The bug exists in all stable trees that have PREEMPT_RT support.
However, the patch would need significant adaptation to apply to them
due to the 6.19-specific refactoring of `vmbus_isr` and
`vmbus_chan_sched`.

## Analysis

### What the commit fixes

This commit fixes a **sleeping-in-atomic-context bug** on PREEMPT_RT
kernels running on Hyper-V. The issue is that `vmbus_isr()` runs in hard
IRQ context (called from `sysvec_hyperv_callback` on x86) and acquires
`spin_lock(&channel->sched_lock)` via `vmbus_chan_sched()`. Under
PREEMPT_RT, spinlocks are converted to `rt_spin_lock` (sleeping locks),
which cannot be acquired from hard IRQ context. This triggers a lockdep
"BUG: Invalid wait context" and represents a real correctness issue (not
just a warning).

### Does it fix a real bug?

**Yes.** This is a legitimate bug that makes Hyper-V VMs with PREEMPT_RT
unusable or unstable. The lockdep trace is from real testing (6.19-rc8).
The issue affects all PREEMPT_RT Hyper-V guests.

### Stable kernel rule assessment

1. **Obviously correct and tested**: Yes - reviewed by Michael Kelley
   (Hyper-V maintainer) and Florian Bezdeka, tested by both.
2. **Fixes a real bug**: Yes - sleeping in hardirq context is a real bug
   on PREEMPT_RT.
3. **Important issue**: Moderate - affects PREEMPT_RT on Hyper-V, which
   is a meaningful but somewhat niche combination.
4. **Small and contained**: Borderline - ~80 lines in one file, but adds
   new per-CPU thread infrastructure.
5. **No new features**: The kthread is a mechanism to fix the bug, not a
   feature.

### Risk vs benefit

- **Benefit**: Fixes a real bug that makes PREEMPT_RT on Hyper-V broken.
- **Risk**: Low for non-RT kernels (everything is behind
  `IS_ENABLED(CONFIG_PREEMPT_RT)`, which is compile-time). Moderate for
  RT kernels (new kthread infrastructure, though using well-established
  `smpboot` API).

### Backport concerns

**Critical issue: Dependencies.** This patch was written against the
6.19 codebase which has undergone significant refactoring:
- `vmbus_isr()` changed from `static` to exported
  (`EXPORT_SYMBOL_FOR_MODULES`) in 6.19 via commit `cffe9f58de1eb`
- `vmbus_chan_sched()` signature changed from `vmbus_chan_sched(hv_cpu)`
  to `vmbus_chan_sched(event_page_addr)` in 6.19 via commit
  `163224c189e8b`
- The `vmbus_message_sched()` helper was factored out in 6.19

The patch **will not apply cleanly** to any existing stable tree
(6.12.y, 6.6.y, 6.1.y).
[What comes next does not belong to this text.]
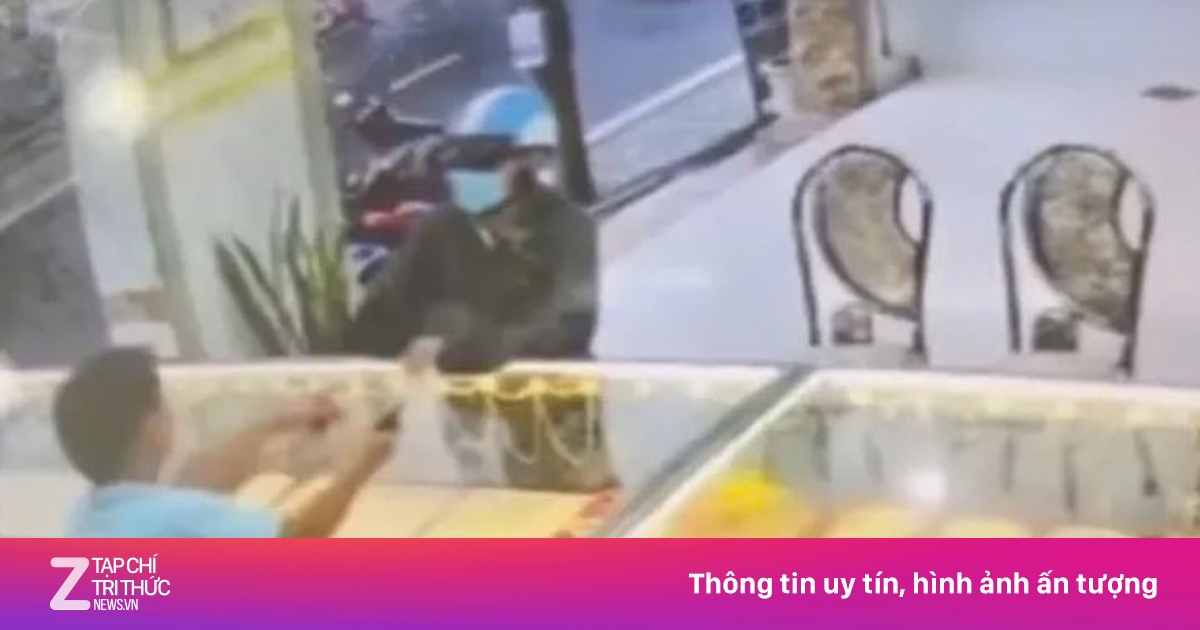 Đưa xấp tiền hỏi mua nhẫn 5 chỉ rồi cầm vàng bỏ chạy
A manual backport would be needed, adapting the
fix to the older `vmbus_isr` structure. While the core concept (use
kthread for RT) would work, the adaptation is non-trivial.

### Verification

- **git show v6.12, v6.6, v6.1 kernel/Kconfig.preempt**: Confirmed
  PREEMPT_RT config option exists in all these stable trees
- **git show v6.1 include/linux/smpboot.h**: Confirmed
  `smpboot_register_percpu_thread` API available since at least 6.1
- **git show v6.18 drivers/hv/vmbus_drv.c**: Confirmed `vmbus_isr` is
  `static` in v6.18, only exported in 6.19
- **git show v6.12, v6.6 drivers/hv/vmbus_drv.c**: Confirmed
  `vmbus_chan_sched()` takes `hv_cpu` (not `event_page_addr`) in older
  kernels
- **git log v6.18..v6.19 drivers/hv/vmbus_drv.c**: Identified
  prerequisite commits (163224c189e8b, cffe9f58de1eb) that refactored
  the code
- **Read arch/x86/kernel/cpu/mshyperv.c lines 153-168**: Confirmed
  `vmbus_handler()` is called from `sysvec_hyperv_callback` IDTENTRY
  (hard IRQ context)
- **Read drivers/hv/vmbus_drv.c lines 1305**: Confirmed
  `spin_lock(&channel->sched_lock)` is the sleeping lock in the IRQ path
- **git show v6.12, v6.6**: Confirmed the `sched_lock` spin_lock exists
  in stable trees' vmbus_chan_sched, confirming the bug exists there too

### Decision

This is a legitimate bug fix for PREEMPT_RT on Hyper-V. The bug is real
and affects all stable trees with PREEMPT_RT. However, the patch:

1. Is moderate in size, adding new per-CPU thread infrastructure (~80
   lines)
2. Has significant dependencies on 6.19-specific refactoring and won't
   apply cleanly to any stable tree
3. Targets a somewhat niche combination (PREEMPT_RT + Hyper-V)
4. Would require careful manual adaptation for each stable tree

The fix is well-reviewed and technically sound, and it fixes a real bug.
Despite the backport complexity, the bug is severe enough (sleeping-in-
atomic-context breaks PREEMPT_RT on Hyper-V) that it warrants
backporting with appropriate adaptation. The
`IS_ENABLED(CONFIG_PREEMPT_RT)` guard ensures zero risk to non-RT users.

**YES**

 drivers/hv/vmbus_drv.c | 66 +++++++++++++++++++++++++++++++++++++++++-
 1 file changed, 65 insertions(+), 1 deletion(-)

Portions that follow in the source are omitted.